On Tuesday, the court rejected the argument that Prop. 8 was an unconstitutional violation of the state's equal protection clause. At the same time, it preserved 18,000 gay marriages that took place before Prop. 8 passed last November with 52 percent of the vote.

In the year ahead, the battle over same-sex marriage is likely to play out on the airwaves, in the streets, in courtrooms, and churches.

While public acceptance of gay marriage is growing, advocates admit the chances of undoing Prop. 8 in the near future are slim.

"There is no one who is sanguine about how daunting that task will be," says Kate Kendell, executive director for the National Center for Lesbian Rights in San Francisco. "It will require a level of engagement and tenacity that is unprecedented" to overturn Prop. 8, she says.

Reaching out to conservative voters

It also means taking their message beyond California's liberal enclaves, such as San Francisco where the gay community is deeply rooted, to the conservative Central Valley and going door to door in communities where residents put "Yes on 8" signs in their front yards.

On Saturday, gay rights activists plan to march through the central California city in the unofficial start of their campaign to take their message to parts of the state that favored the gay-marriage ban.

There are many lessons from the failed campaign against Prop. 8, says Molly McKay, media director for Marriage Equality USA, a leading advocacy group for same-sex marriage.

Chiefly, gay rights leaders now recognize they need to reach out to religious leaders to help make their case, she says. "For any civil rights journey, you have to have deep spiritual roots to reach out to people to share your common humanity … especially on a topic where people think they know all that there is to know," she says, adding that there are "leaders of faith who support marriage equality."
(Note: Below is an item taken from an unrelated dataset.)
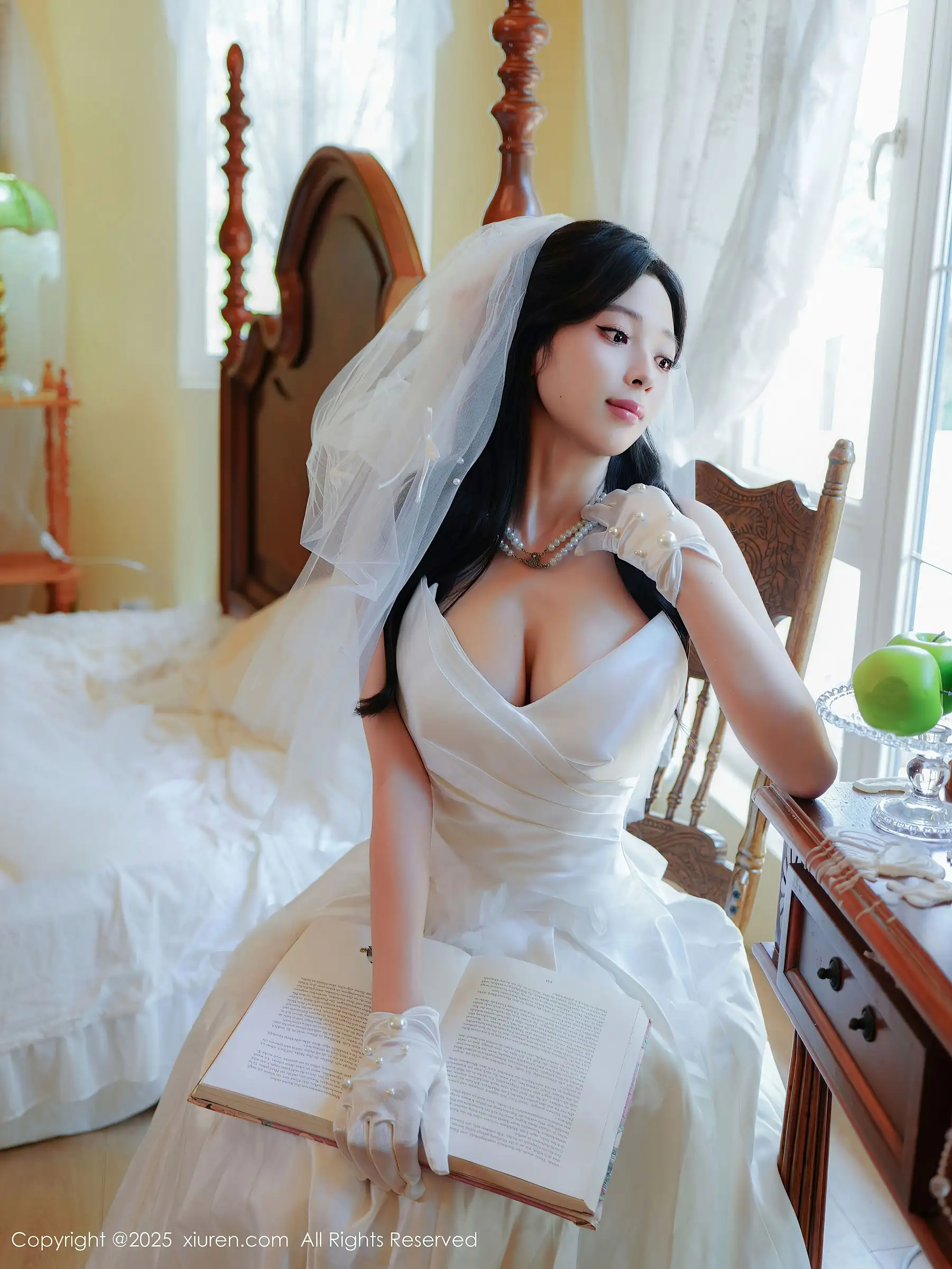 [XIUREN秀人网] 2025.09.16 NO.10769 朱朱molly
For same-sex married couples like John Lewis and Stuart Gaffney, the court's ruling is something of a call to action.

"The ruling really gives us our marching orders," says Mr. Gaffney, whose marriage to Mr. Lewis was one of the 18,000 validated in Tuesday's ruling. "This decision just reinforces for us that equality is an unfinished business in California. And that divides Californians into marriage haves and have-nots," he says.

Marriage: just a word?

Last year, California's Supreme Court legalized same-sex marriages and afforded married gay couples the same rights as married heterosexual couples. While this week's decision may seem like a reversal to many, according to the court, Prop. 8 only applies to the term "marriage" and does not take away any of the legal rights associated with marriage.

"Certainly, this is a court that struggled mightily. This is a court that attempted to walk a line … in satisfying the will of the majority," says Ms. Kendell of the National Center for Lesbian Rights.
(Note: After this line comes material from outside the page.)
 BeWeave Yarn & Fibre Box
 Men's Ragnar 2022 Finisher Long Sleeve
Although the court said gay couples were losing only the nomenclature of marriage, Kendell and other gay rights activists say the term "marriage" has a symbolic meaning that goes beyond words. "I'd like to walk down the street and ask 10 heterosexual couples if they would cease referring to themselves as married, or cease referring to themselves as spouse, or husband, or wife to their families, their friends, and the world," she says."Marriage is the common vernacular to understanding what two people mean to each other."

That may not convince Prop. 8 supporters such as Pepperdine University law Prof. Doug Kmiec. He says marriage is a religious tradition, and most churches do not believe that same-sex couples should be wed. The principal reason he supported Prop. 8, he says, was to return the institution of marriage to the church and not make it a matter of public policy.
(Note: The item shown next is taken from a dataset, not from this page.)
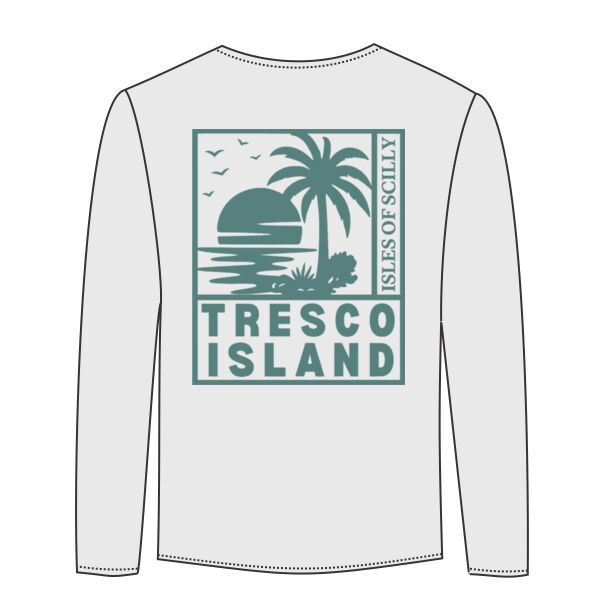 Beachy L/S T Shirt (XS - M) - 30cm Print  Thumbnail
Religious gay couples disagree."It's more of an equality issue than a religious issue or civil rights issue," said Tommy Woelfel, who was married last summer after the court legalized same-sex marriages, at a Los Angeles rally Tuesday. "I am Christian and believe in the sanctity of marriage, and rights that are given to a heterosexual couple should also be given to a loving, committed, homosexual couple." [Editor's note: The original version misattributed this quote.]